HOW TO COMPLETE THIS TASK: Nothing outside the range below should be printed. Output exactly the lines from the line with "btn-primary btn-sm float-right" to the line with "btn-warning btn-sm float-right", both included.

Captioned web images
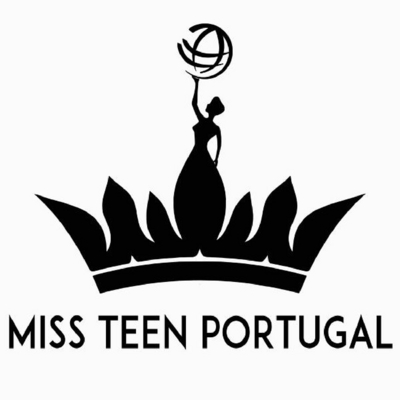 MISS TEEN PORTUGAL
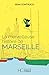 La merveilleuse histoire de Marseille by Jean Contrucci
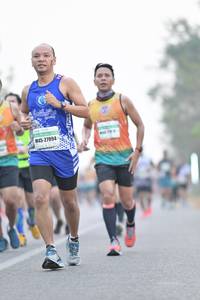 BIB: 27994
                            <button type="button" onclick="openModal(8514730)" class="btn btn-primary btn-sm float-right btn-popup" data-toggle="modal" data-target=".modal-high-quality">
                        <i class="fas fa-shopping-cart"></i> Add to Cart
                    </button>
                                            <button type="button" onclick="isThisMe(8514730, true)" class="btn btn-success btn-sm float-right btn-popup btn-isme hidden" data-toggle="tooltip" data-placement="bottom" title="นี่คือรูปของคุณใช่ไหม คลิกที่นี่เพื่อเอาเข้าอัลบั้ม">
                        <i class="fas fa-plus"></i> Add to album
                    </button>
                    <button type="button" onclick="isThisMe(8514730, false)" class="btn btn-warning btn-sm float-right btn-popup btn-isnotme hidden">
                        <i class="fas fa-ban"></i> Remove from album
                    </button>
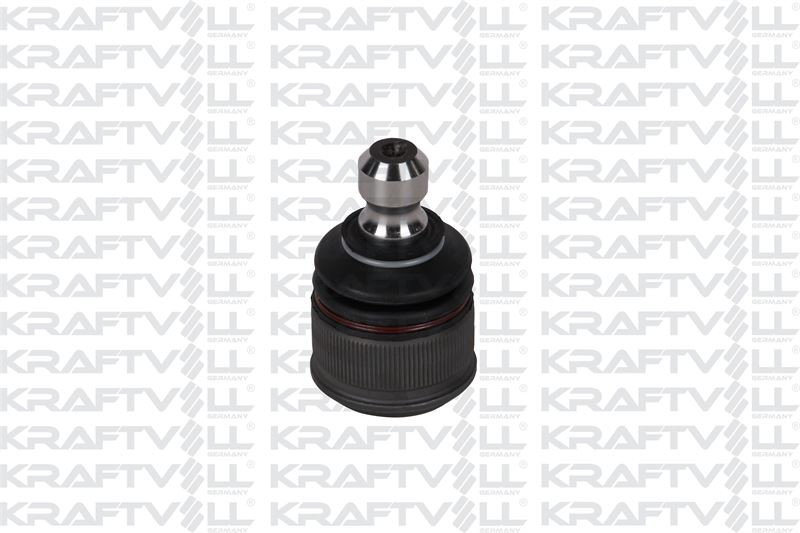 ALT ROTIL PROBE 2.0 DOHCE EFI 16V 92>97 MAZDA 626 92>97 MAZDA XEDOS 92>99 18MM image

SOLUTION TO THIS PROBLEM:
                            <button type="button" onclick="openModal(8514730)" class="btn btn-primary btn-sm float-right btn-popup" data-toggle="modal" data-target=".modal-high-quality">
                        <i class="fas fa-shopping-cart"></i> Add to Cart
                    </button>
                                            <button type="button" onclick="isThisMe(8514730, true)" class="btn btn-success btn-sm float-right btn-popup btn-isme hidden" data-toggle="tooltip" data-placement="bottom" title="นี่คือรูปของคุณใช่ไหม คลิกที่นี่เพื่อเอาเข้าอัลบั้ม">
                        <i class="fas fa-plus"></i> Add to album
                    </button>
                    <button type="button" onclick="isThisMe(8514730, false)" class="btn btn-warning btn-sm float-right btn-popup btn-isnotme hidden">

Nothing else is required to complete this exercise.